Base the allowance on a percentage of billed charges.
Claim lines billed with an unlisted or not otherwise classified code must be submitted with a description of services provided; claim lines submitted without a description, with a generic description or with an incomplete description may be denied.
Appropriate medical records, such as an operative report, may additionally be required to adjudicate the claim. Medical records not submitted upon request may result in denial of all or a portion of a claim.

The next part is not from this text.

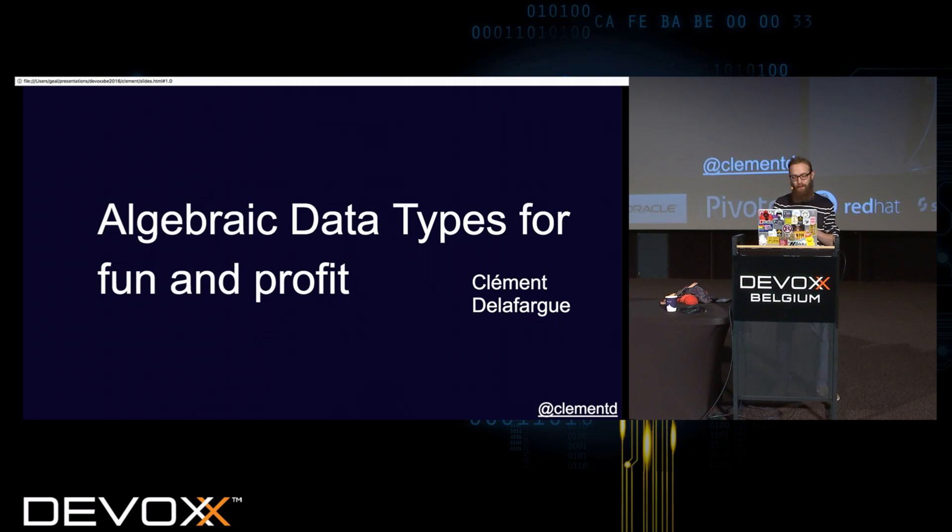Hi everyone and thanks for listening to me during lunch. I'm Clément and today I will talk to you about algebraic data types, as we call them ADTs, a bit easier to say.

Maintaining a Fee Once Established | |
---|---|
Method for Establishing Fee | Method for Updating Fee |
CMS Published Fee, Rule or CMS Local Carrier Published Fee | Updated whenever the CMS or Local Carrier published fee or rule is updated and applicable. |
Optum RVUs | Updated whenever our health plan’s RVU-based Fee Schedule is updated, using the Optum RVUs in effect at the time. |
Comparable Service Methodology | The identified comparable code(s) and modifier(s) will be documented as the pricing rule for the code with no RVU. The established fee will not change unless CMS or Optum release an RVU for that code at which time our health plan will update that fee with the new RVU rate on a prospective basis. However, when CMS or Optum are silent, the health plan reserves the right to re-evaluate established fees annually. |
Your use of this Reimbursement Policy constitutes your agreement to be bound by and comply with the terms and conditions of the Reimbursement Policy Disclaimer.